The alarm goes off; you turn over in the bed, groan and wonder how the hell you are going to face the day.
You know you have to get the kids up for school, sort breakfast and prepare their lunches. You know you have to drag a brush through your hair and make yourself presentable before crawling out of your cave to face the world.
Your body feels like lead, like an intravenous transfusion of mercury has been stemmed into your bloodstream, weighing you down like a tonne weight. You are a character in a Patrick Kavanagh poem, trudging through the mud and mire of the 'Stony Grey Soil...'. Every step is a slog and the day's long journey is yet young.
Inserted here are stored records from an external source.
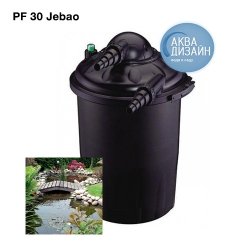 Напорный фильтр PF 30 Jebao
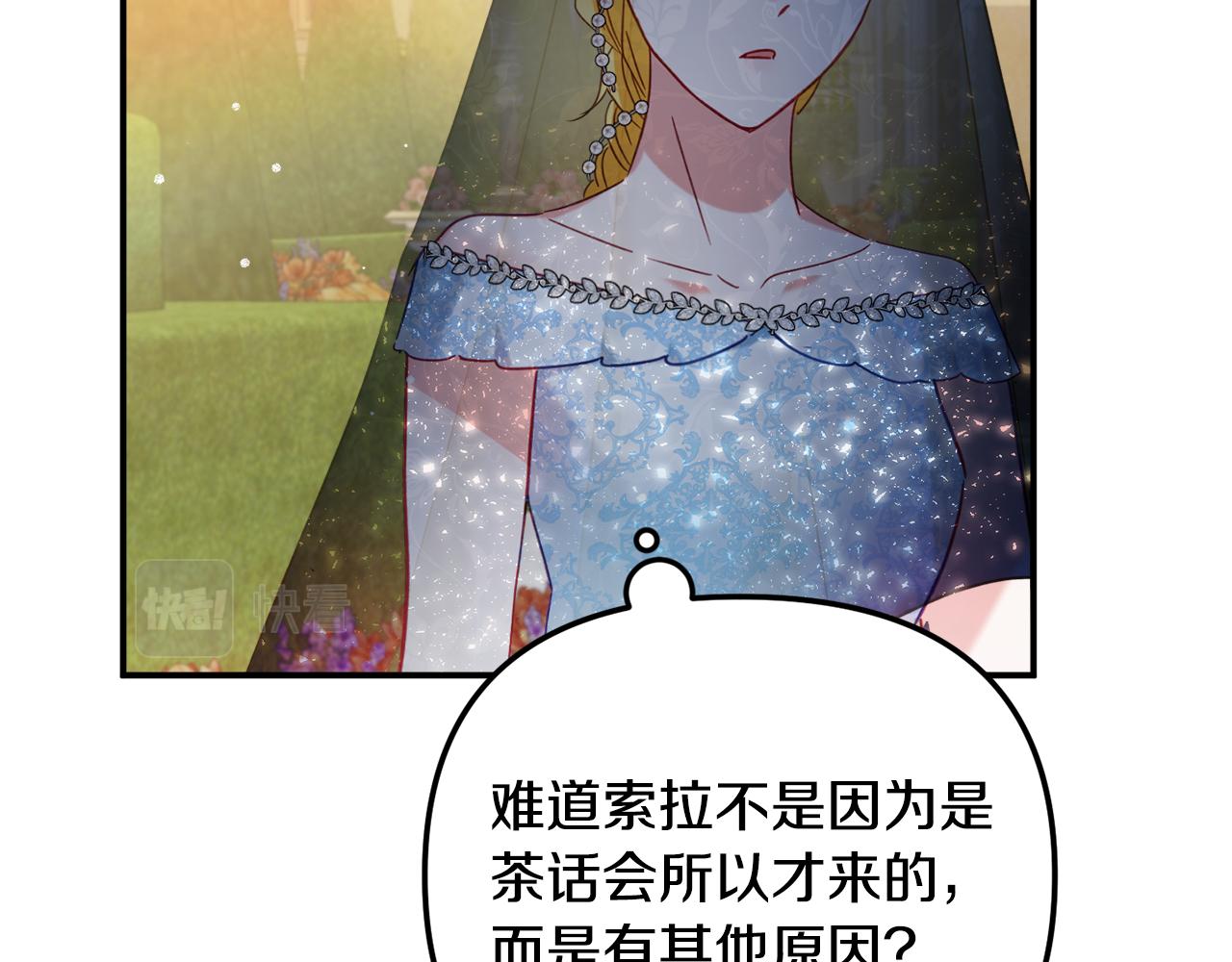 第50话 捉摸不透145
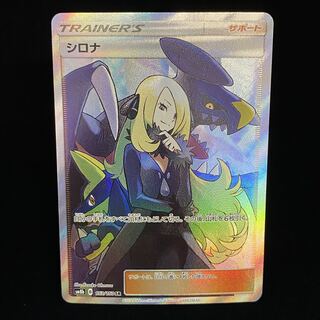 シロナ SR 153/150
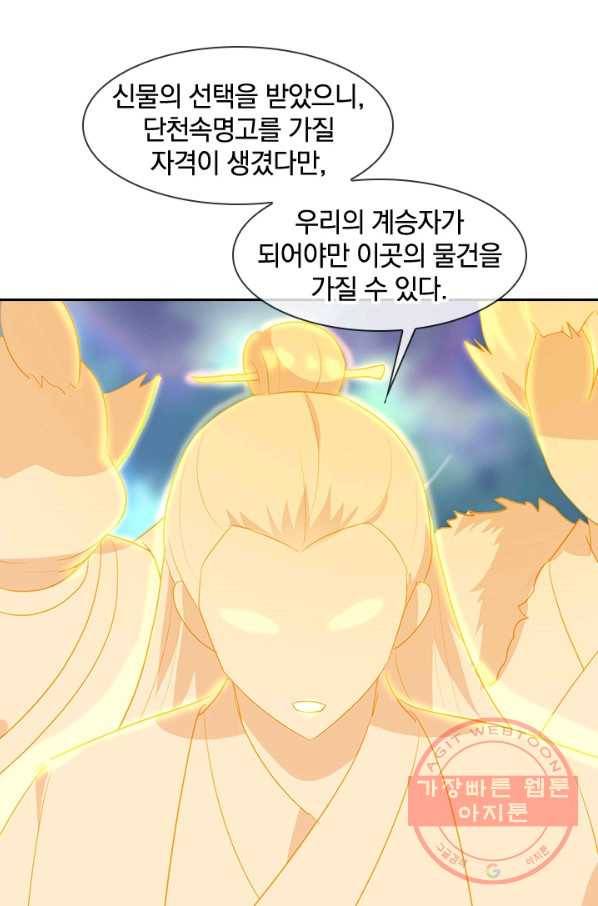절세전혼 88화 59
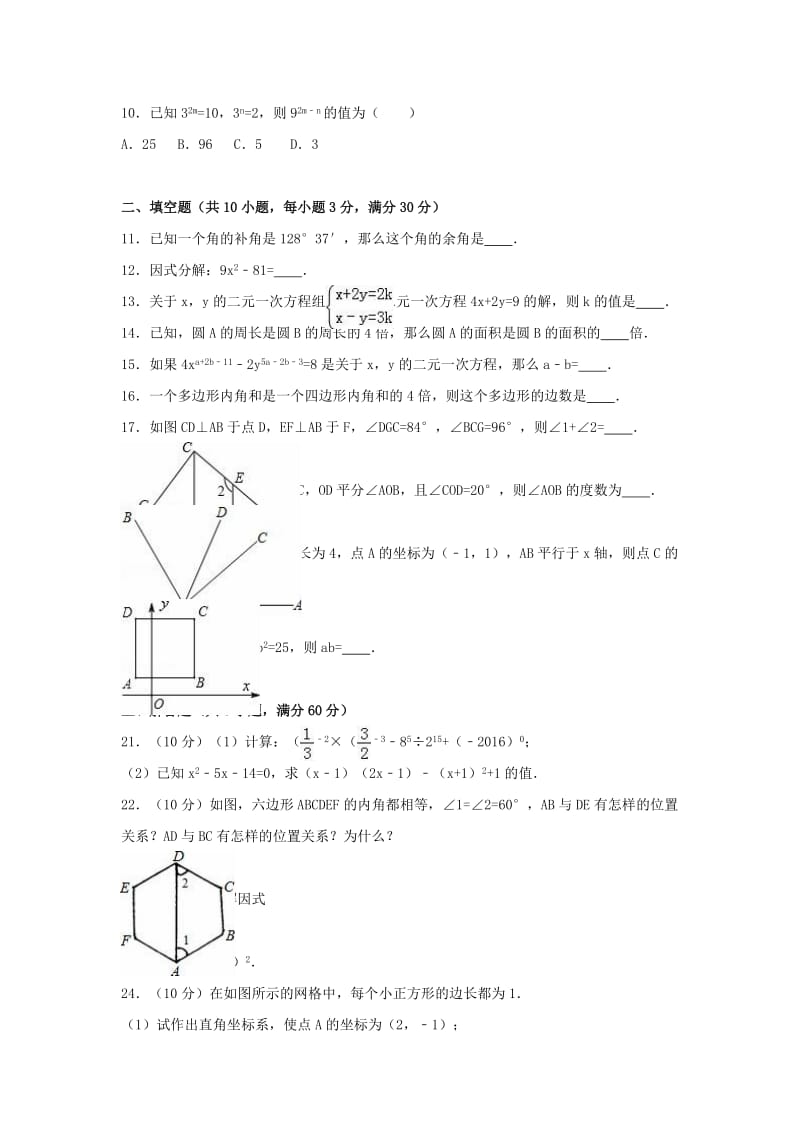 七年级数学下学期期末试卷（含解析） 新人教版11_第2页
I'm not very good at admitting when I'm beaten. If someone tells me to go to bed and 'have a lie down', I usually shrug and make some grumble of objection and set myself down on the sofa, just long enough to down a cup of tea! Then I'm off again, pottering. Shuffling from one room to another but not achieving much in the process.
In reality, there's plenty to do but you know wielding a hoover around the house is out of the question. And the thought... the very thought of trudging upstairs is like penance for some sin or other, committed in a past life.
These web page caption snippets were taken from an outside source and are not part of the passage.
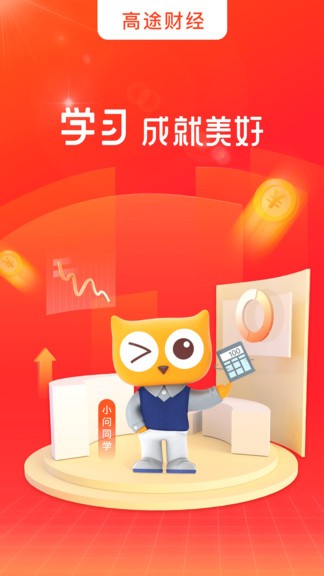 高途財經(jīng) v4.39.6 安卓版 0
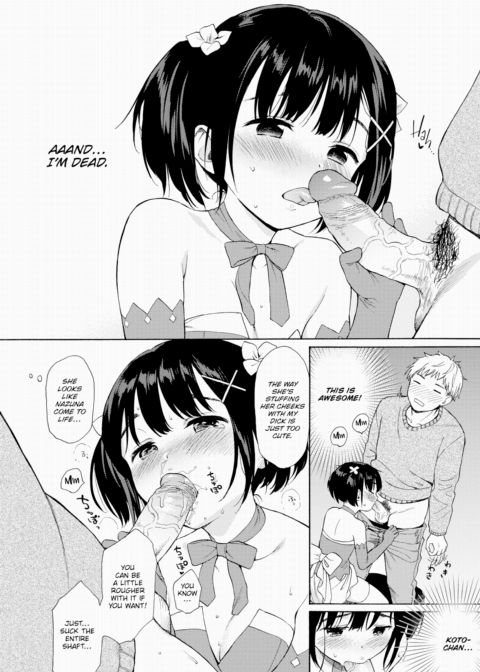 Metamorphosis Chapter 1 page 12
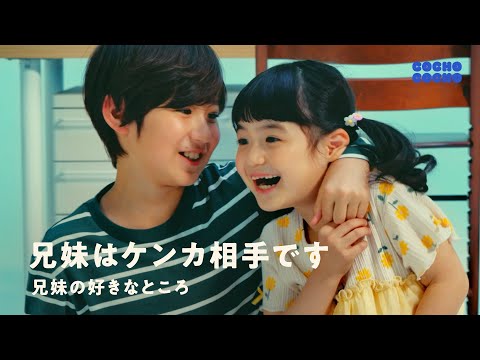 兄妹の好きなところ「兄妹はケンカ相手です」 | COCHO COCHO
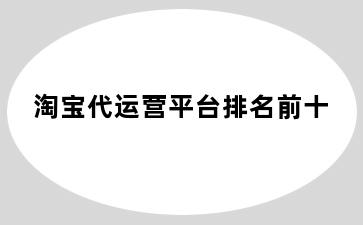 淘宝代运营平台排名前十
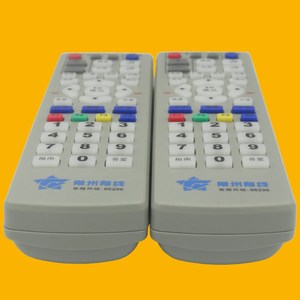 Télécommande de décodeur Crystal Pearl Tianhong Changzhou JZ-YK-0323 à code fixe 18,3x5x2,8cm pour TV - Product Image 4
Or that overwhelming feeling when you realise the kitchen cupboards are bordering on vacuumous. You were supposed to shop today. But even if you muster up enough energy to get into town, by the time you have ticked off the first few items on your list, you know you can’t take another step and head home, half empty handed and full of frustration.
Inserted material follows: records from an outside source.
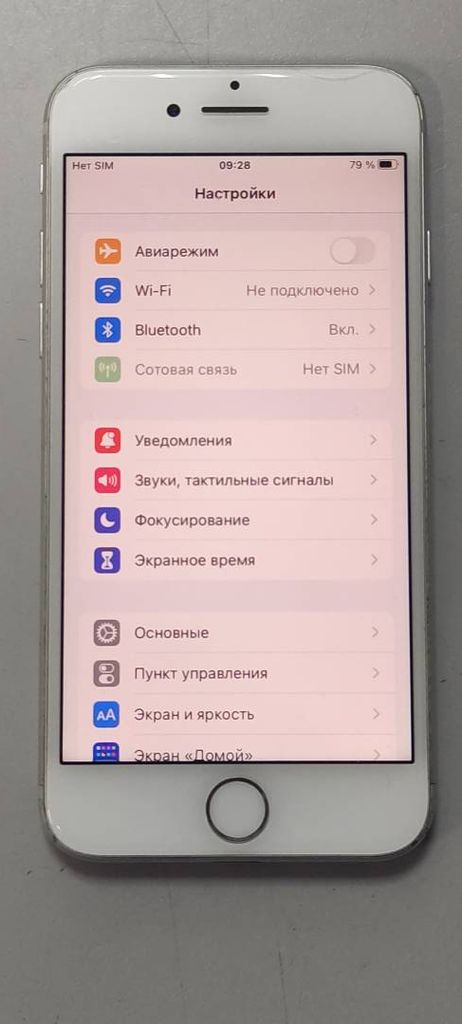 Купити Apple iphone 7 128gb Б/У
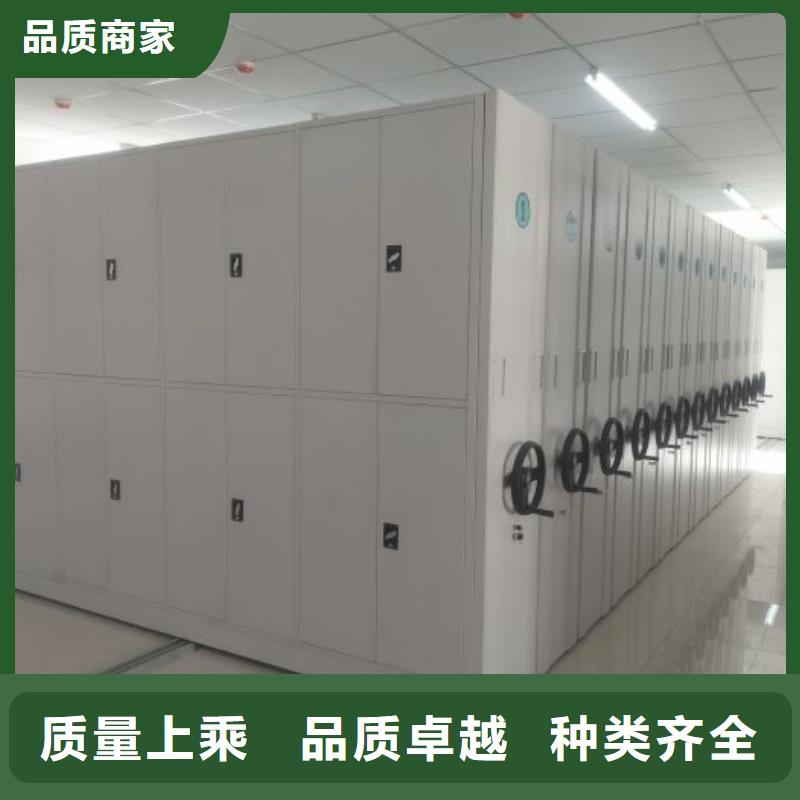 实力生产商【鑫康】钢制手动密集架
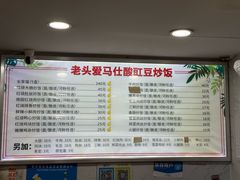 -老头爱马仕酸豇豆炒饭(丰富路店)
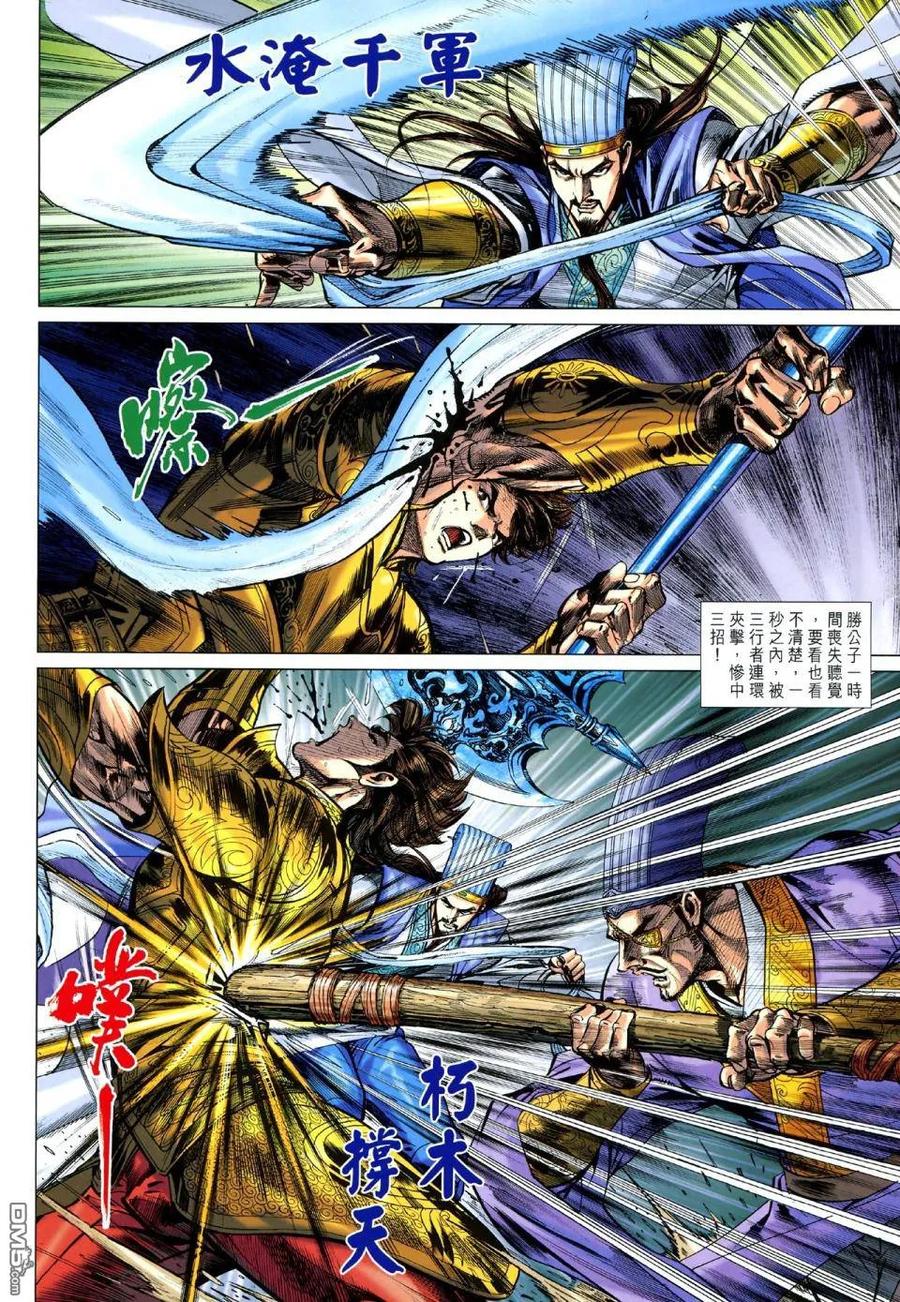 第22页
People who don’t have MS just don’t understand what we mean when we say we are tired. Because when we say we are tired, what we really mean is we 'just can’t’!
But WE know that MS fatigue exists so it is up to us to manage ourselves as best we can. We need to listen to our bodies and take time out. We know the triggers:
Stress; overwork; overplay!
There is always a pay-back and more often than not, fatigue will be the first sign that you need to slow down.
How I manage my MS fatigue
The bottom line is, the world won’t fall in if the house is a mess. If the kids have to have pizza and chips for tea... again, no one (else) will judge you. But we are our own worst enemies.
I imagine I am like many people with MS and just try and drive on. Time waits for no man and life’s demands have a lot to answer for. But pushing the river doesn't work - we just have to go with the flow and say 'No' sometimes.
Try and schedule a daily rest in the afternoon if you can. If you are working then take a quiet twenty minutes at lunchtime for Mindfulness/Meditation in your car. Or just close your eyes and breathe. This isn't an indulgence - it's a vital part of your own self-care.
Never be afraid of asking for help. You know you would be delighted to help someone else if the tables were turned.
There will always be days when you 'just can't' and that's ok.
Acknowledging this and allowing yourself to take the time you need, without feeling guilty, is the first step in managing MS Fatigue.
Thankfully, not every day is like this.
Thankfully, today is a day when 'I just CAN'.
Do you have any tips for managing fatigue?